Mais n’oublions pas que les Haïtiens sont des St Thomas. La majorité n’observe  pas les consignes. Il y en a même qui démentent l’existence du virus. Les marchés publics fonctionnent normalement, «  moun pil sou pil, motos, kamyonèt, se pi rèd  », distance sociale non respectée, sauf à Pétion-Ville et à Carrefour où les maires ont pris certaines décisions pour protéger la population.  On remarque quand même quelques porteurs de masques. D’autres, plus rares, utilisent un foulard. Parlant de masques, nos vaillants tailleurs, au chômage depuis quelque temps, ont sauté rapidement sur l’occasion, ils confectionnent des masques à bon marché et se tirent d’affaires. Quelle belle revanche sur le pèpè ! Les Haïtiens profitent aussi pour  mettre la médecine locale en action :  «  remèd fèy, jenjamm, kanèl, amwaz,sitwon, lalwa »… Le succulent thé du soir d’antan reprend vie au temps du Corona.

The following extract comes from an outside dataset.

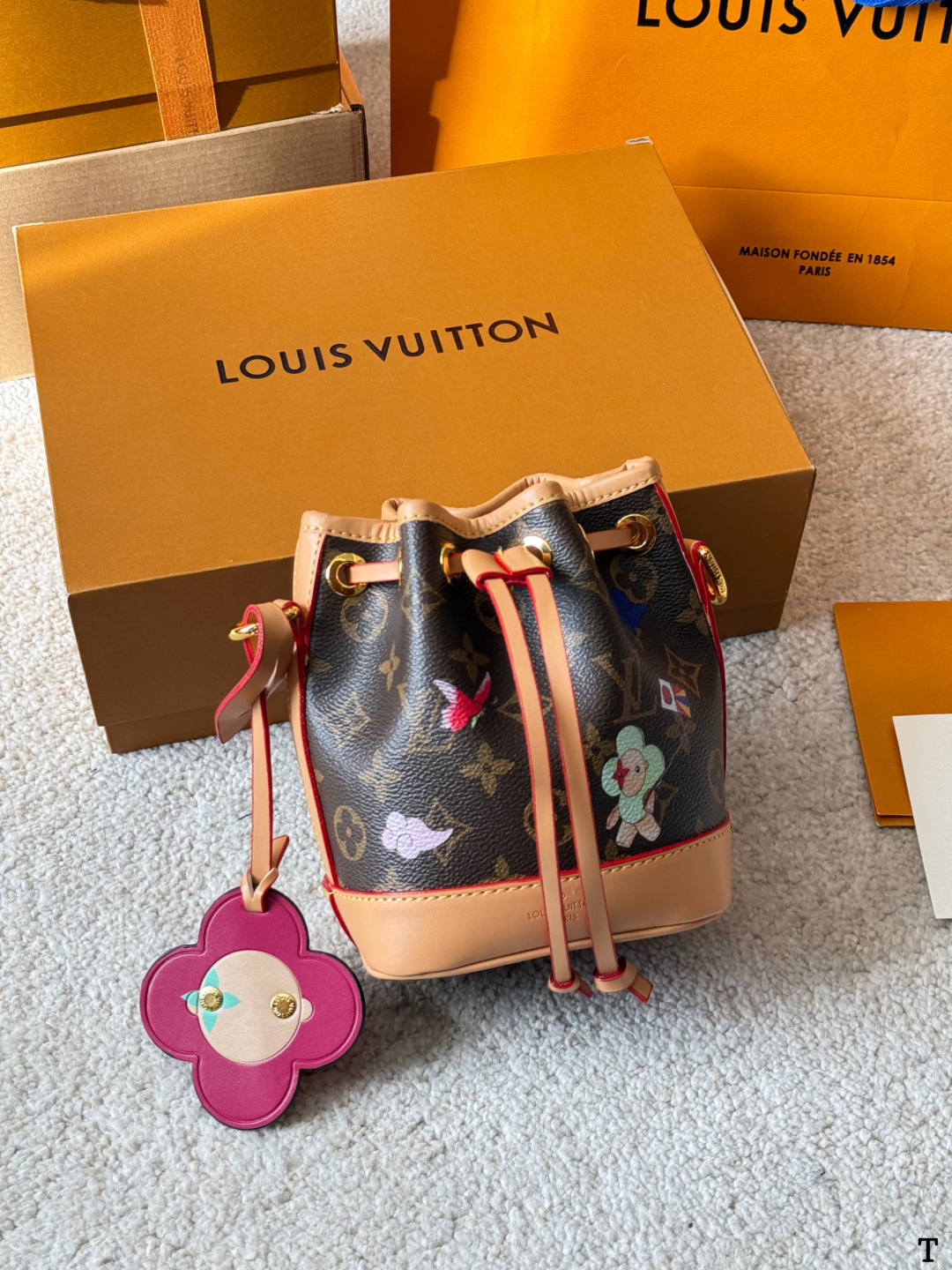 牛皮版本 p120 Lv Mini 小水桶 限定款 折叠礼盒 全方位对花 手柄的设计 比nano容量大比bb更小巧喜 欢不要错过 彩色超细纤维粘合内村，金色金属饰件，束绳闭合尺寸：15 18cm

Pendant ce temps, les Européens continuent de compter les cadavres. Des artistes de renom y passent : Manu Dibango, le brillant saxophoniste camérounais, Jacob Desvarieux, l’inoubliable maestro de Kassav.  À un certain moment, l’Italie se retrouvait en tête de liste avec 700 ou 800 morts en 24 h. L’Espagne, la France comptent presque autant, en attendant que les USA prennent la relève. La Big Apple devient l’épicentre de la pandémie. C’est la terreur ! La bouillante Manhattan est méconnaissable. Pas de touristes ! Pas de bureaucrates affairés qui traversent les rues comme une vague ! Les gratte-ciels sont seuls ! L’immense  Central Park converti en hôpital pour accueillir des malades éventuels. Des médecins renommés, des infirmières, parmi lesquelles des compatriotes, à bout de souffle, laissent leur peau. Le fabuliste était un prophète hein ! «  Ils ne mourraient pas tous, mais tous étaient frappés.  »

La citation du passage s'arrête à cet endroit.